DATA —
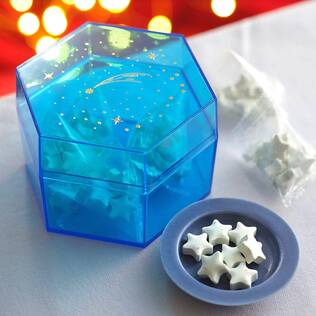 星空からのおくりもの　1個【クリスマス】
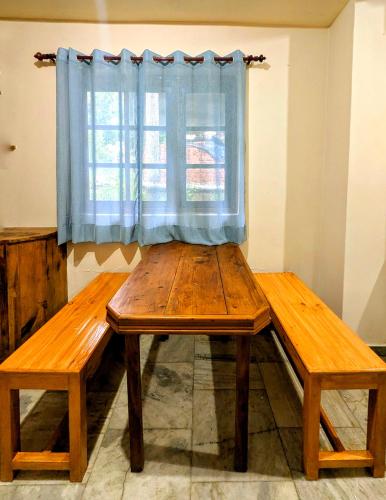 المرافق, Zeyul Homes in Khaknal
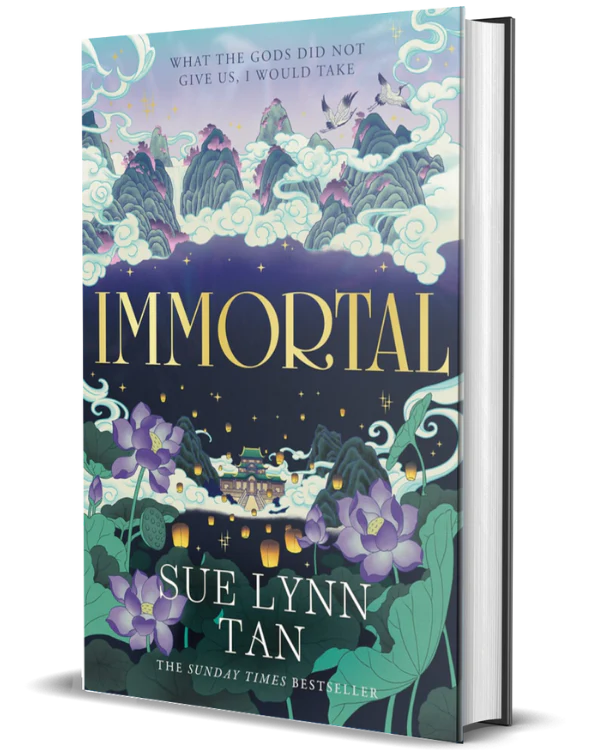 Immortal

TASK INSTRUCTIONS — Without any pictures, return the material above exactly.

COMPLETED EXERCISE —
 星空からのおくりもの　1個【クリスマス】
 المرافق, Zeyul Homes in Khaknal
 Immortal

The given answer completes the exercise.